[Distutils] Update to my skeletal PEP for a new build system interface

Nathaniel Smith njs at pobox.com
Mon Nov 9 00:20:10 EST 2015


Hi all,

Here's a quick update to my draft PEP for a new build system
interface, last seen here:
  https://mail.python.org/pipermail/distutils-sig/2015-October/027360.html

There isn't terribly much here, and Robert and I should really figure
out how to reconcile what we have, but since I was rearranging some
stuff anyway and prepping possible new sections, I figured I'd at
least post this. I addressed all the previous comments so hopefully it
is boring and non-controversial :-).

Changes:

- It wasn't clear that the sdist metadata stuff was really helping, so
I took it out for now. So it doesn't get lost, I split it out as a
standalone deferred-status PEP to the pypa repository:
  https://github.com/pypa/interoperability-peps/pull/57

- Rewrote stuff to deal with Paul's comments

- Added new terminology: "build frontend" for something like pip, and
"build backend" for the project specific hooks that pip calls. Seems
helpful.

-n

----

PEP: ??
Title: A build-system independent format for source trees
Version: $Revision$
Last-Modified: $Date$
Author: Nathaniel J. Smith <njs at pobox.com>
Status: Draft
Type: Standards-Track
Content-Type: text/x-rst
Created: 30-Sep-2015
Post-History: 1 Oct 2015, 25 Oct 2015
Discussions-To: <distutils-sig at python.org>

Abstract
========

While ``distutils`` / ``setuptools`` have taken us a long way, they
suffer from three serious problems: (a) they're missing important
features like usable build-time dependency declaration,
autoconfiguration, and even basic ergonomic niceties like `DRY
<https://en.wikipedia.org/wiki/Don%27t_repeat_yourself>`_-compliant
version number management, and (b) extending them is difficult, so
while there do exist various solutions to the above problems, they're
often quirky, fragile, and expensive to maintain, and yet (c) it's
very difficult to use anything else, because distutils/setuptools
provide the standard interface for installing packages expected by
both users and installation tools like ``pip``.

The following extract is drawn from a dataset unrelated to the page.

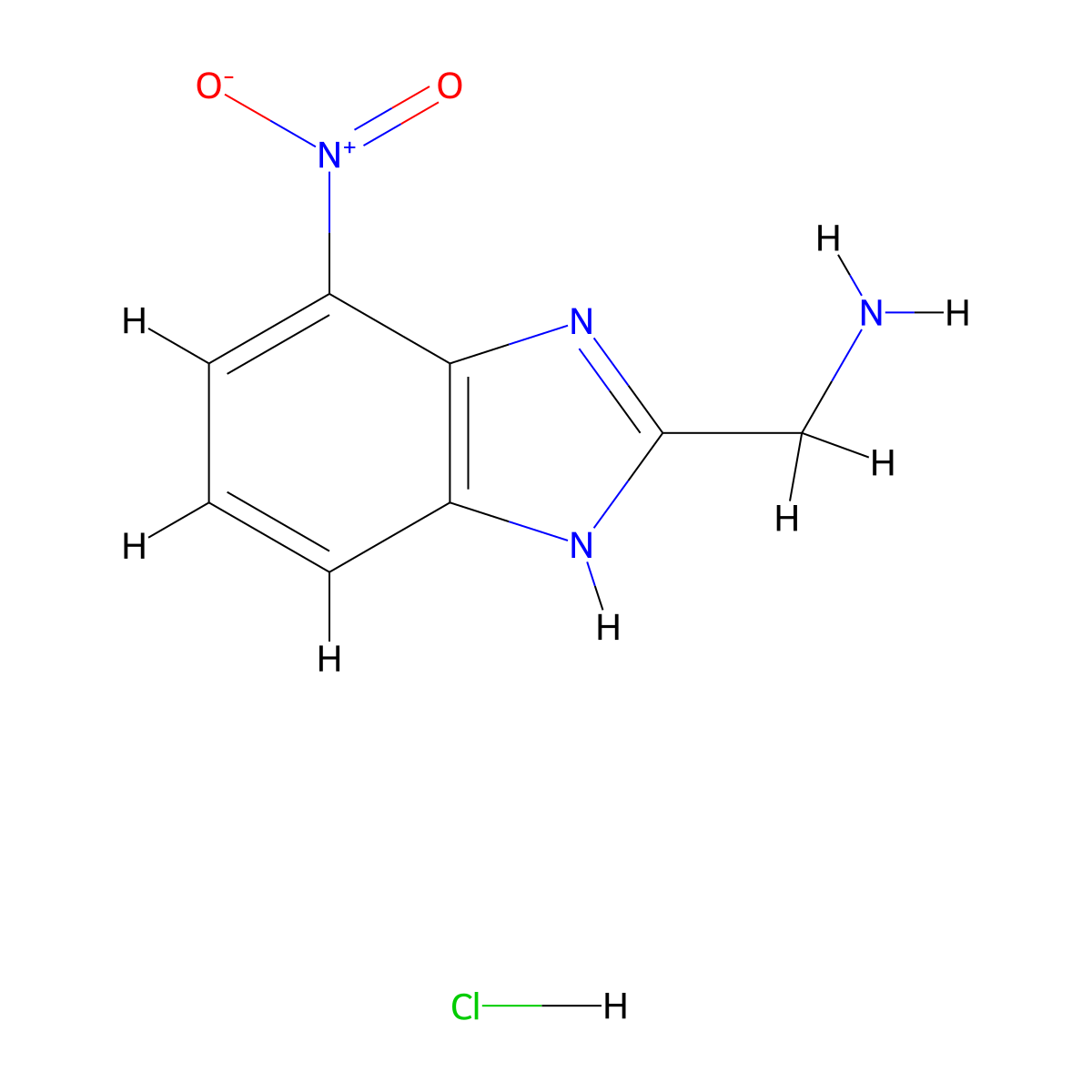 1-(7-nitro-1H-1,3-benzodiazol-2-yl)methanamine hydrochloride molecular structure, CAS 1446513-82-1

Previous efforts (e.g. distutils2 or setuptools itself) have attempted
to solve problems (a) and/or (b). This proposal aims to solve (c).

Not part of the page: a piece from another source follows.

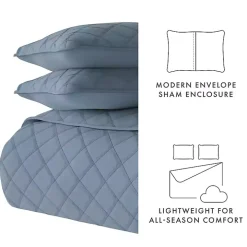 Blue Stitched Diamond 3-pc. King Quilt Set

The goal of this PEP is get distutils-sig out of the business of being
a gatekeeper for Python build systems. If you want to use distutils,
great; if you want to use something else, then that should be easy to
do using standardized methods. The difficulty of interfacing with
distutils means that there aren't many such systems right now, but to
give a sense of what we're thinking about see `flit
<https://github.com/takluyver/flit>`_ or `bento
<https://cournape.github.io/Bento/>`_. Fortunately, wheels have now
solved many of the hard problems here -- e.g. it's no longer necessary
that a build system also know about every possible installation
configuration -- so pretty much all we really need from a build system
is that it have some way to spit out standard-compliant wheels and
sdists.

We therefore propose a new, relatively minimal interface for
installation tools like ``pip`` to interact with package source trees
and source distributions.


Terminology and goals
=====================

A *source tree* is something like a VCS checkout. We need a standard
interface for installing from this format, to support usages like
``pip install some-directory/``.

A *source distribution* is a static snapshot representing a particular
release of some source code, like ``lxml-3.4.4.zip``. Source
distributions serve many purposes: they form an archival record of
releases, they provide a stupid-simple de facto standard for tools
that want to ingest and process large corpora of code, possibly
written in many languages (e.g. code search), they act as the input to
downstream packaging systems like Debian/Fedora/Conda/..., and so
forth. In the Python ecosystem they additionally have a particularly
important role to play, because packaging tools like ``pip`` are able
to use source distributions to fulfill binary dependencies, e.g. if
there is a distribution ``foo.whl`` which declares a dependency on
``bar``, then we need to support the case where ``pip install bar`` or
``pip install foo`` automatically locates the sdist for ``bar``,
downloads it, builds it, and installs the resulting package.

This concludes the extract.